Disclaimer: The pictures you are about to see are real. Server names and rack locations have been changed to protect the innocent. No software was harmed in the making of this blog post.
Last week we discovered what happens when copper goes to 1,900 degrees Fahrenheit inside a blade chassis. As you can see, it’s not pretty. I haven’t figured out how to represent the smell in a blog post, but trust me, that wasn’t pretty either. What’s truly amazing however, is that the whole situation wasn’t much worse.
What you’re looking at is the result of an electrical failure inside an IBM BladeCenter H filled with twelve blade servers. It’s still unclear whether the mid-plane or a blade server was the initial cause, but both were victims of a rather vicious internal short that sent an ominous cloud of smoke into the air.
Because we are a 24/7 manned facility, our staff was on top of the situation immediately and no other customer equipment was ever in danger, but it raised blood pressure levels nonetheless. What we marveled at the most was that as bad as it initially looked, the damage was essentially contained to just two components, and the customer was back up an running again within a matter of hours.
That fact that recovery happened as quickly as it did was not an accident of good fortune. This type of event (though not exactly this scenario of course) was planned for in advance by using quality hardware and good system architecture. There are several key take-aways worth noting:
1. The four power supplies inside the BladeCenter shut down their output as soon as the overload was detected, thereby preventing further damage and a possible catastrophic event. Score 1 for IBM.
2. IBM was onsite PDQ with the correct parts and someone who knew how to replace them. Score 1 more for IBM.
3. Despite the intense heat, the rest of the BladeCenter did not spontaneously combust, in fact all of the adjacent blade servers, management, and network modules survived unscathed. Score yet another for IBM.
4. The customer had the wisdom, foresight, and willingness to invest in a boot-from-SAN architecture with adequate redundancy. As soon as IBM replaced the parts, return to operation occurred without the need for a restore. Smoke and drama, yes. Data loss and extended down time, no. Score 1 for the customer and the DSS design team.
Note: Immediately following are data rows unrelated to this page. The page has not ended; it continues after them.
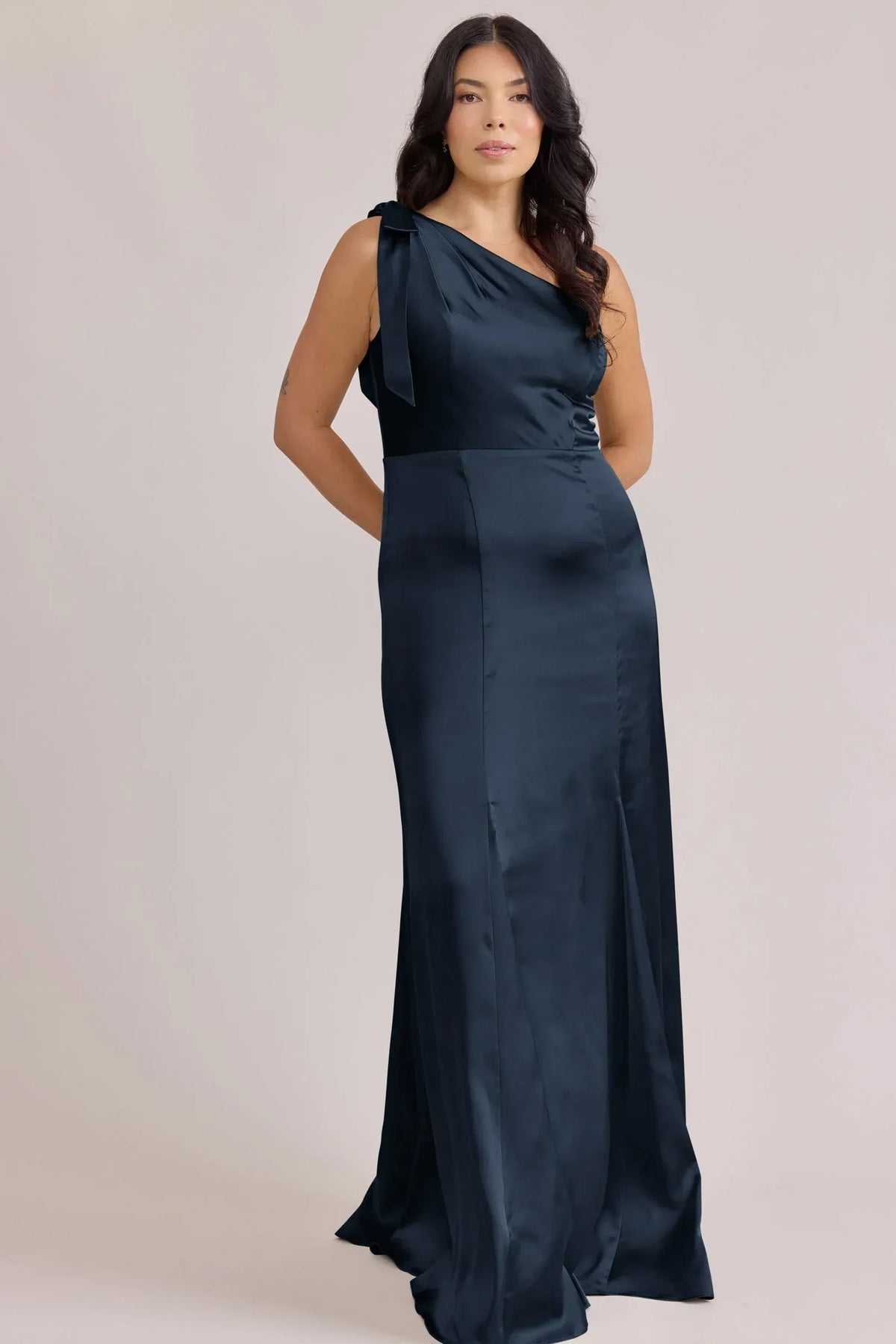 Blue Mermaid One-Shoulder Satin Backless Wedding Dress - Yihuiw by Yihuiw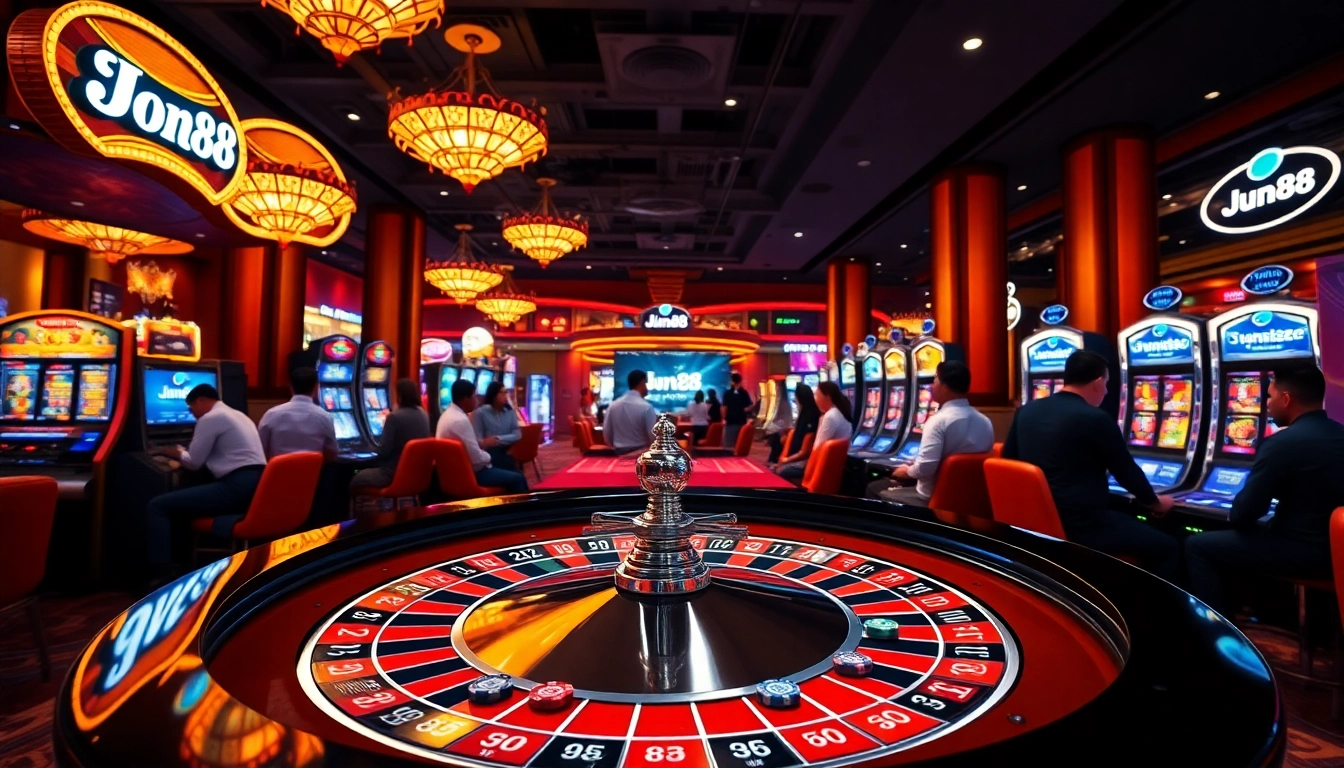 Excited players enjoying games at jun88 casino, capturing the thrill of gambling.
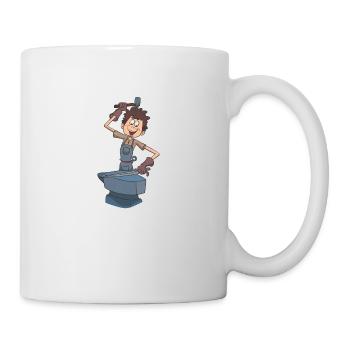 Blacksmith anvil hammer - Mug - white - Right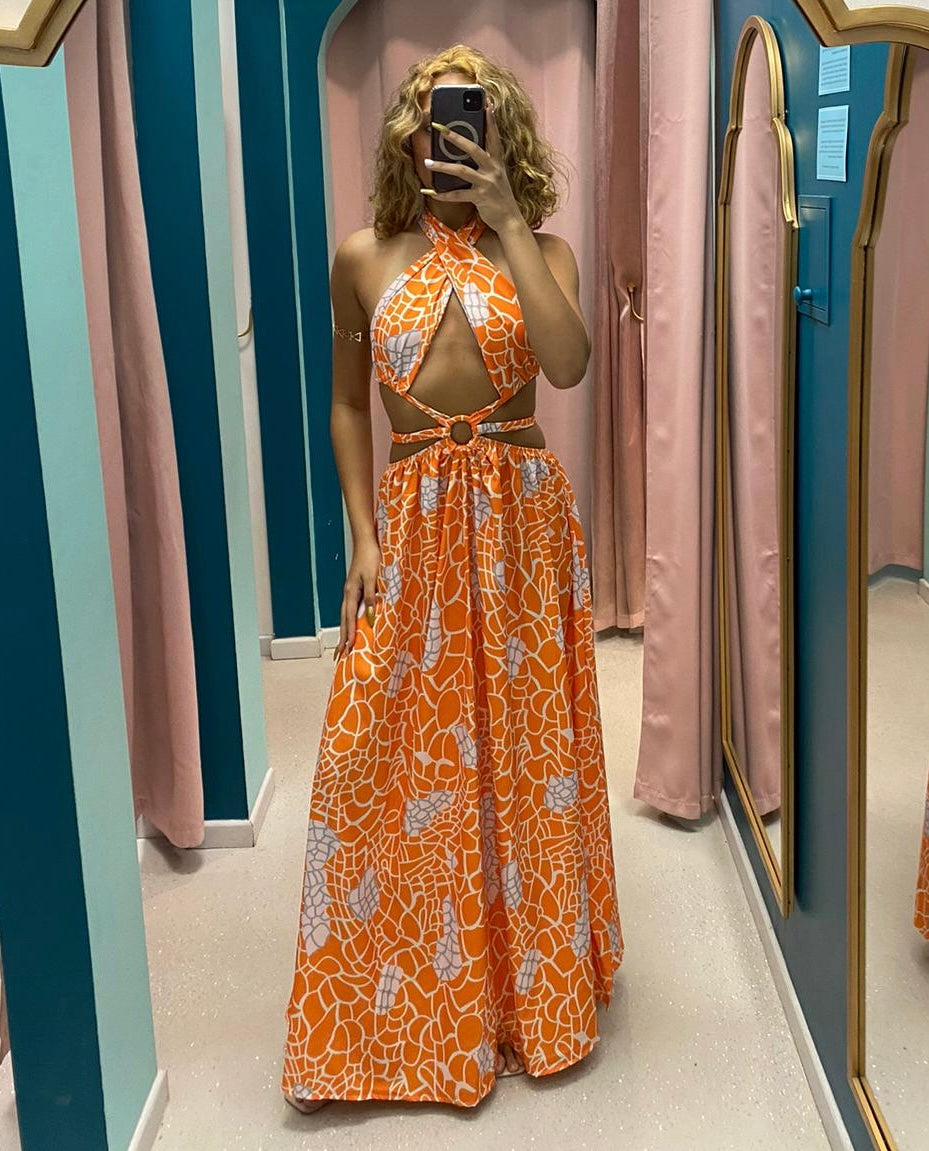 Orange Printed Slit Maxi Dress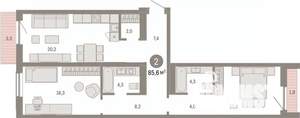 2-к квартира, вторичка, 86м2, 2/15 этаж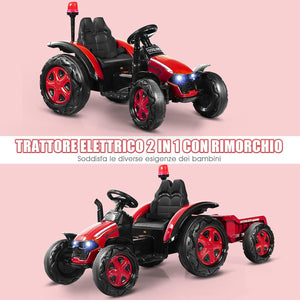 Trattore Elettrico per Bambini con Rimorchio, 2 in 1 Go Kart e Trattore per Bambini 3-8 Anni, con Telecomando e Cintura di Sicurezza a 2 Punti (Rosso)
Note that perfect redundancy in every component was not necessary to accomplish a happy ending – just reasonably adequate redundancy.
It’s become fashionable to say that hardware is commodity and that cost is the bottom line. But is that really true? Perhaps when buying client-side hardware one can get away with it it’s justifiable, but I’m not ready to extend that to the business-critical server side. This event reinforces that view rather dramatically. Well-designed hardware and effective vendor support, which is usually never the cheapest option, was clearly one of the keys to saving the day.
Based on just this post alone, one might be led to think I bleed IBM-blue when cut, but those who know me will ROTFL and tell you how often I’m calling IBM out rather than giving them kudos. IBM gear is typically never the low-cost option, but this incident serves as a wake-up call that there is more to be considered than cost alone. Regardless of vendor, components fail, and it’s important to know that the hardware is designed to compensate when they do.
Good hardware and good system architecture go hand in hand when reliable operations (and sleeping at night) are a must. There simply are no short cuts.
//spk